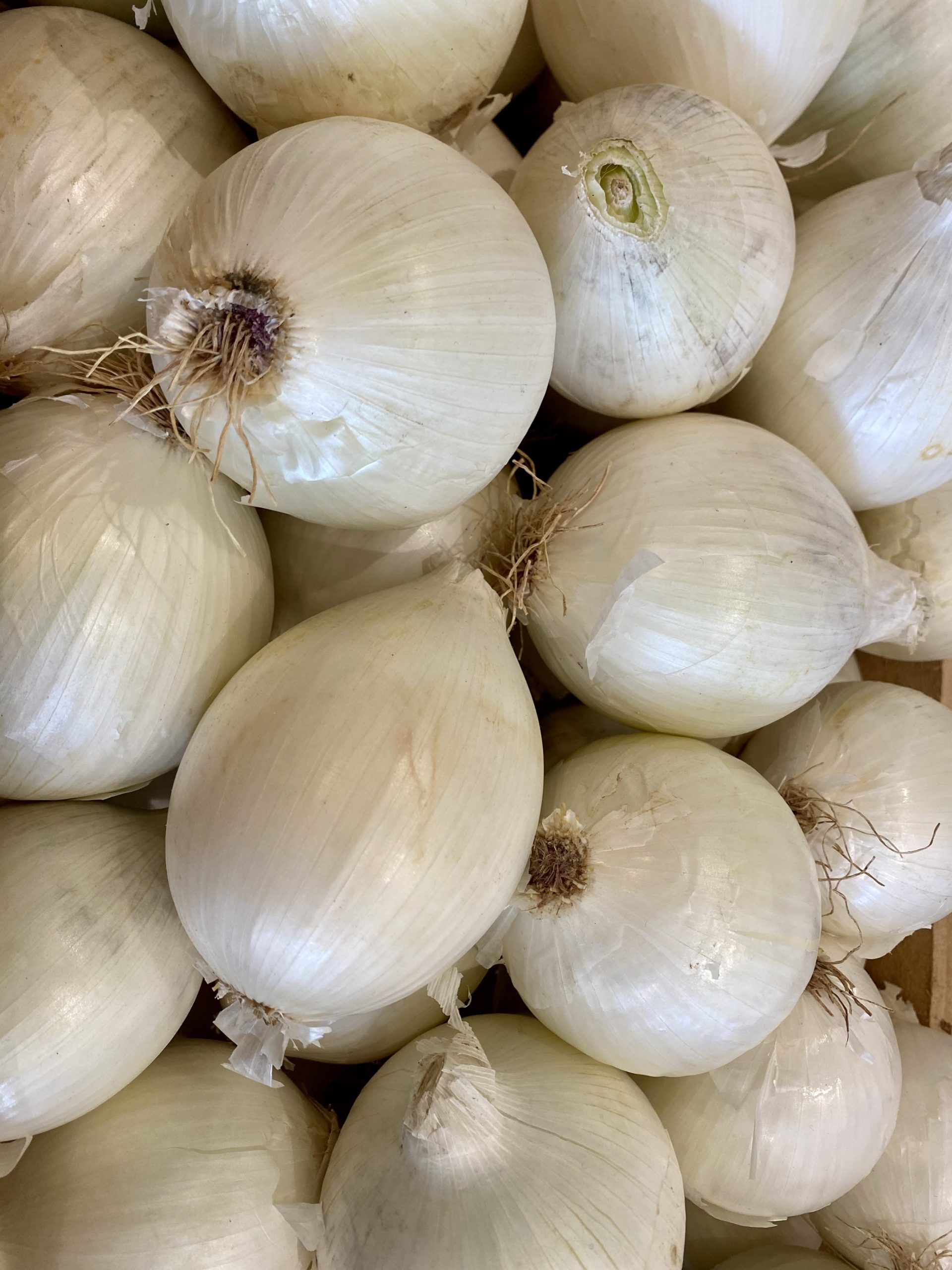 Oignon Blanc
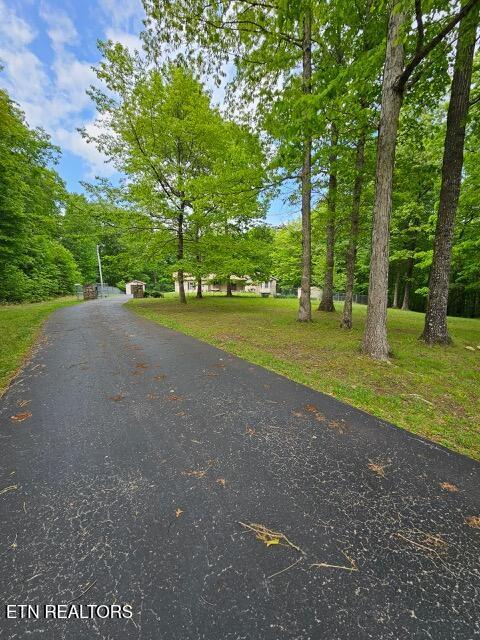 1133 W Laurel Way, Monterey, TN 38574 - view of asphalt driveway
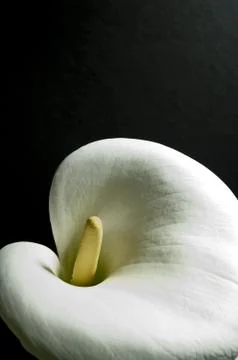 Calla Stock Photos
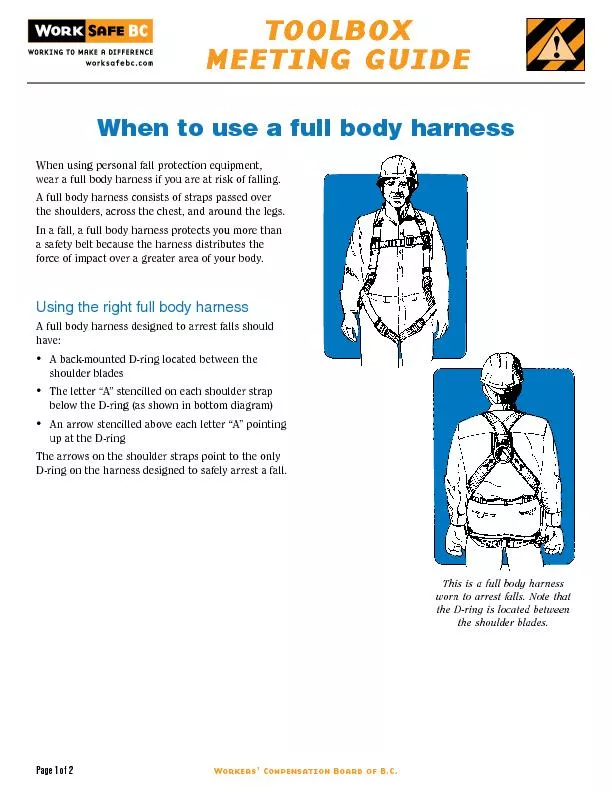 When to use a full body harness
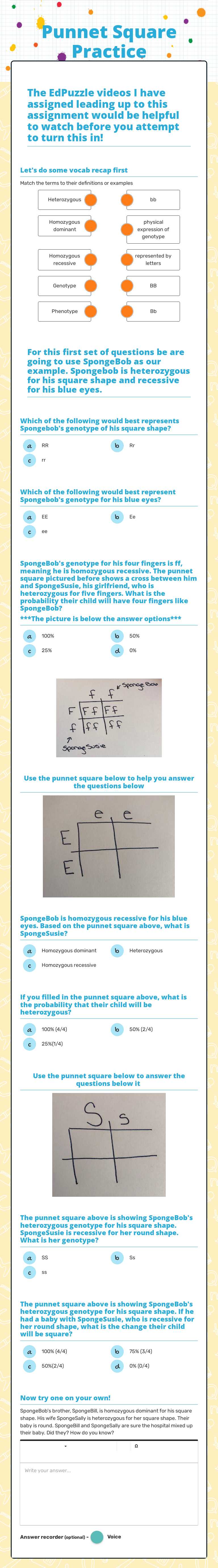 Punnet Square Practice worksheet preview image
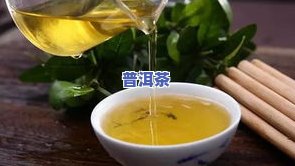 广东十大茶叶排行榜：揭秘更受欢迎的茶品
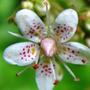Garden_002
+++++
▸ Aim of the exercise: Find the line with "When to use a full body harness" in the listing and extract it and all lines after it through the end, exactly, without the pictures.

▸ Answer space:
 When to use a full body harness
 Punnet Square Practice worksheet preview image
 广东十大茶叶排行榜：揭秘更受欢迎的茶品
Garden_002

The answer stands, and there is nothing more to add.